BACKGROUND AND PURPOSE: Prevalence and characteristics of ipsilateral upper limb motor-evoked potentials (MEPs) elicited by focal transcranial magnetic stimulation (TMS) were compared in healthy subjects ... [more ▼]

BACKGROUND AND PURPOSE: Prevalence and characteristics of ipsilateral upper limb motor-evoked potentials (MEPs) elicited by focal transcranial magnetic stimulation (TMS) were compared in healthy subjects and patients with acute stroke. METHODS: Sixteen healthy subjects and 25 patients with acute stroke underwent focal TMS at maximum stimulator output over motor and premotor cortices. If present, MEPs evoked in muscles ipsilateral to TMS were analyzed for latency, amplitude, shape, and center of gravity (ie, preferential coil location to elicit them). In stroke patients, possible relationships between early ipsilateral responses and functional outcome at 6 months were sought. RESULTS: With relaxed or slightly contracting target muscle, maximal TMS over the motor cortex failed to elicit ipsilateral MEPs in the first dorsal interosseous (FDI) or biceps of any of 16 normal subjects. In 5 of 8 healthy subjects tested, ipsilateral MEPs with latencies longer than contralateral MEPs were evoked in FDI muscle (in biceps, 6 of 8 subjects) during strong (>50% maximum) contraction of the target muscle.

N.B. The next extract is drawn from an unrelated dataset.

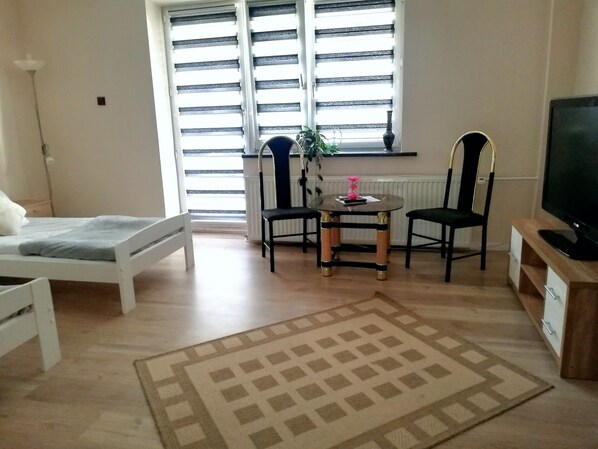 Una habitación pequeña y bien iluminada con una cama, un televisor, dos sillones, una mesita con una planta y una ventana con persianas.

In 15 of 25 stroke patients, ipsilateral MEPs in the unaffected relaxed FDI (in biceps, 6 of 25 stroke patients) were evoked by stimulation of premotor areas of the affected hemisphere. Their latencies were shorter than those that MEPs evoked in the same muscle by stimulation of the motor cortex of the contralateral unaffected hemisphere. Such responses were never obtained in normal subjects and were mostly observed in patients with subcortical infarcts. Patients harboring these responses had slightly better bimanual dexterity after 6 months. CONCLUSIONS: Ipsilateral MEPs obtained in healthy individuals and stroke patients have different characteristics and probably different origins. In the former, they are probably conveyed via corticoreticulospinal or corticopropriospinal pathways, whereas in the latter, early ipsilateral MEPs could originate in hyperexcitable premotor areas. [less ▲]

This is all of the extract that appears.